What becomes quickly understood upon entry into the festival is the diverse use of the chiptuning technology by artists within the medium. CDs of all shapes and sizes, in gold bubble-wrap packages, mini-cds and modded NES cartridges line the sellers’ booth, along with pre-made sequencer cartridges by one of the leading chiptuning communities, 8-Bit Collective, who also provided modified Gameboys with flashy colors and extra nobs that made them look more like Star Trek phasers than the toys of our youth. However, most of the crowd remained unphased by such oddities, with many attendees being amateur chiptuners and recorders themselves. Just a glance at 8-Bit Collective’s prominently displayed main webpage showed the thousands involved with the music, many of whom were asking the sequencers specifics about the chiptuning technology they were hawking.

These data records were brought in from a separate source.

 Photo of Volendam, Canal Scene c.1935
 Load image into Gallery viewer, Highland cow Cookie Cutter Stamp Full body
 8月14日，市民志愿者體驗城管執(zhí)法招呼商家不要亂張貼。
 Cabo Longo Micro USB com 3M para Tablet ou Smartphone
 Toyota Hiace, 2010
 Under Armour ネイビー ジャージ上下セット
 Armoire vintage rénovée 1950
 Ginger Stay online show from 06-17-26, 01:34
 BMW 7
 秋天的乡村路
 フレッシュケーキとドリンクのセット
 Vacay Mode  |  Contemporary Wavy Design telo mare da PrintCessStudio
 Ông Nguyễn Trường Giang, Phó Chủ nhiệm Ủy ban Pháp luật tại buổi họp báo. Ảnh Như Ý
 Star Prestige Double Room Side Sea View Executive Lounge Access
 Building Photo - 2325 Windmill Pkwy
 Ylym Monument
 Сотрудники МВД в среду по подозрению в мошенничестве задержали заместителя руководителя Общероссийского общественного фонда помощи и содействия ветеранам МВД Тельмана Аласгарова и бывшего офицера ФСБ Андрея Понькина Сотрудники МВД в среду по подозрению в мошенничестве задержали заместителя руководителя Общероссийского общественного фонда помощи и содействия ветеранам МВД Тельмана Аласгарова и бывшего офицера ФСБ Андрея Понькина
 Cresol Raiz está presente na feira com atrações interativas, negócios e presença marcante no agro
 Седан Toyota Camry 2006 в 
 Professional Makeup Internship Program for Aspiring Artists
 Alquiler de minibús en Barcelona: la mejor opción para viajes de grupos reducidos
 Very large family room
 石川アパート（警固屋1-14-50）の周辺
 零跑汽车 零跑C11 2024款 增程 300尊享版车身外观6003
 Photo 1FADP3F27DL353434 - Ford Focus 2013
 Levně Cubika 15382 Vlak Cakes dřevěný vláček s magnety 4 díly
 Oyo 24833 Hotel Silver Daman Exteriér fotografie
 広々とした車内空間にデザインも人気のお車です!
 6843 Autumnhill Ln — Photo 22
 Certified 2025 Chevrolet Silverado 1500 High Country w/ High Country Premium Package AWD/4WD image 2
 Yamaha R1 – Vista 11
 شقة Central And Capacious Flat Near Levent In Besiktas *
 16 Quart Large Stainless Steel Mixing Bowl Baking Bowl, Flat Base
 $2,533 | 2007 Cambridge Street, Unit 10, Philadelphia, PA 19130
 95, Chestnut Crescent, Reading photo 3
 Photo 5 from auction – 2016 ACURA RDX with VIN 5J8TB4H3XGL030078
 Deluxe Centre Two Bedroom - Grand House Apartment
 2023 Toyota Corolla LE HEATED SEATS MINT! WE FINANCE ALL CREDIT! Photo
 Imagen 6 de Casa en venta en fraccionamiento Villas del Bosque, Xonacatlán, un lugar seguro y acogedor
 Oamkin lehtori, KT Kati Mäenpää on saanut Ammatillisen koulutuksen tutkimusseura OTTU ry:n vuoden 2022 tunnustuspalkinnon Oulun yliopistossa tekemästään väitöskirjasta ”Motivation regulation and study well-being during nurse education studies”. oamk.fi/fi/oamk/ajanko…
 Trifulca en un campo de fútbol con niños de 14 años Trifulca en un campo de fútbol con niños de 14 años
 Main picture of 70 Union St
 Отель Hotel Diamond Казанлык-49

Over the three nights, it was not the technology that was showcased as much as the diverse artistry that chiptuning conjures. Because of the nature of “performing” in front of crowds with a Gameboy or similar device, which often requires very slight movements, musical artists were partnered with 8-Bit visual artists creating odd and interesting combinations. Veteran musician minusbaby admitted his own surprise at seeing a 15 foot tall NES-style visual of himself provided by artist Enso. French musician JDDJ3J was accompanied by near television static-like pixelated backgrounds punctuated with his logo. Still, other visual artists opted for written messages or digitally degraded photos, mixing with the performers, many of whom openly danced across the stage to their music, and the often rave-like crowd, with their glow-sticks and Santa Clauses in welder’s masks.

The three nights of the festival were punctuated by musical surprises. In a genre that is so often associated more with the theme from Castlevania than hip-hop and DJ culture, the level of collaboration, friendship and experimentation in the night lent itself more to that culture than any other, a point acknowledged by minusbaby, who, as a NYC resident and member of the infamous 8Bitpeoples’ crew, started the Blip Festival four years ago. Performing on the first night, minusbaby brought influences of all kinds into a set accented by Latin-based beats and punctuated by a live drummer. While in past years minusbaby had brought in a number of live instruments, including melodicas, his pared down performance showed his virtuosity on the Gameboy and the disparate genres that can be combined with the simplest of sequencers. He wasn’t alone, the room was abuzz for hours after the performance of New Wave influenced Failotron, from Budapest, who along with a guitarist created a near classic rock show experience.

By contrast, Je Deviens DJ en 3 Jours (JDDJ3J) pushed the sound system at the Bell House with a dark disco rave. Blasting the crowd on his first song with a heavy drum beat and screaming vocals, JDDJ3J was soon leaping about the stage to his dance beats, urging the crowd into a frenzy, along with gestures of exultation during some of the slower bridges. Using ‘Nanoloop’ software to create his music, one would be hard-pressed to tell the difference between what was heard on Thursday night and music at a classic rave. With the right sound system, it was obvious that 8-Bits could easily produce sounds on par with any modern computer synthesizer.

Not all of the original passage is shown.